### [EXERCISE AIM]
Please set down only the lines from the one containing "Tourmaline is a" through the end of the entries below, exactly, minus any pictures.

*** Opening INPUT DATA ***

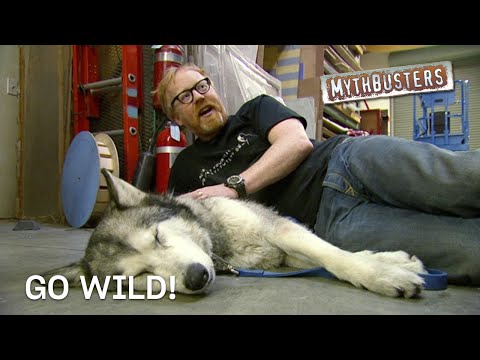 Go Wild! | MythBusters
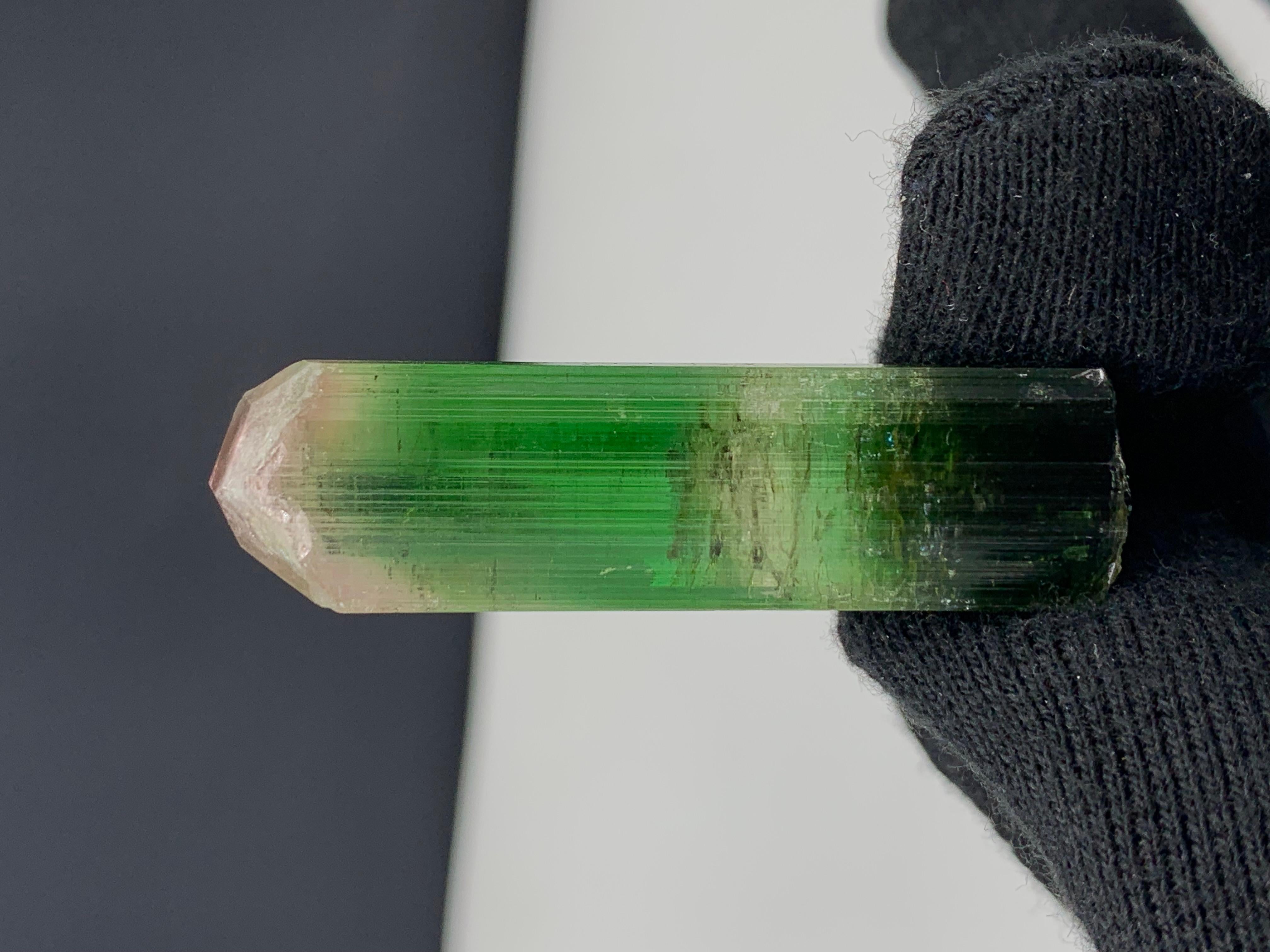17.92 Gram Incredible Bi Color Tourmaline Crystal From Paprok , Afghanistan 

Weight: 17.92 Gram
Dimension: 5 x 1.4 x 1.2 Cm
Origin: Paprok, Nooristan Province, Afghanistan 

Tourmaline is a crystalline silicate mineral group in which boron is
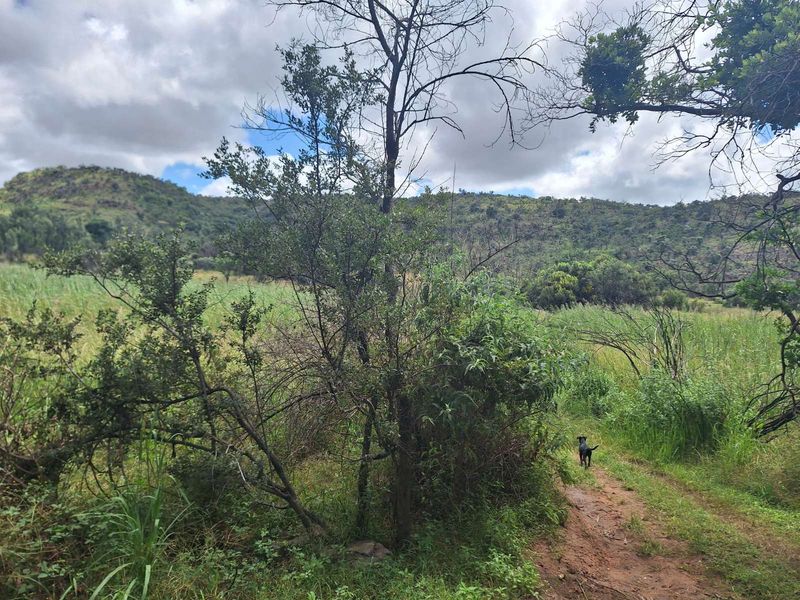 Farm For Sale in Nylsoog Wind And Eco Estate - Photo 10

*** Closing INPUT DATA ***

### [EXERCISE OUTPUT]
Tourmaline is a crystalline silicate mineral group in which boron is
 Farm For Sale in Nylsoog Wind And Eco Estate - Photo 10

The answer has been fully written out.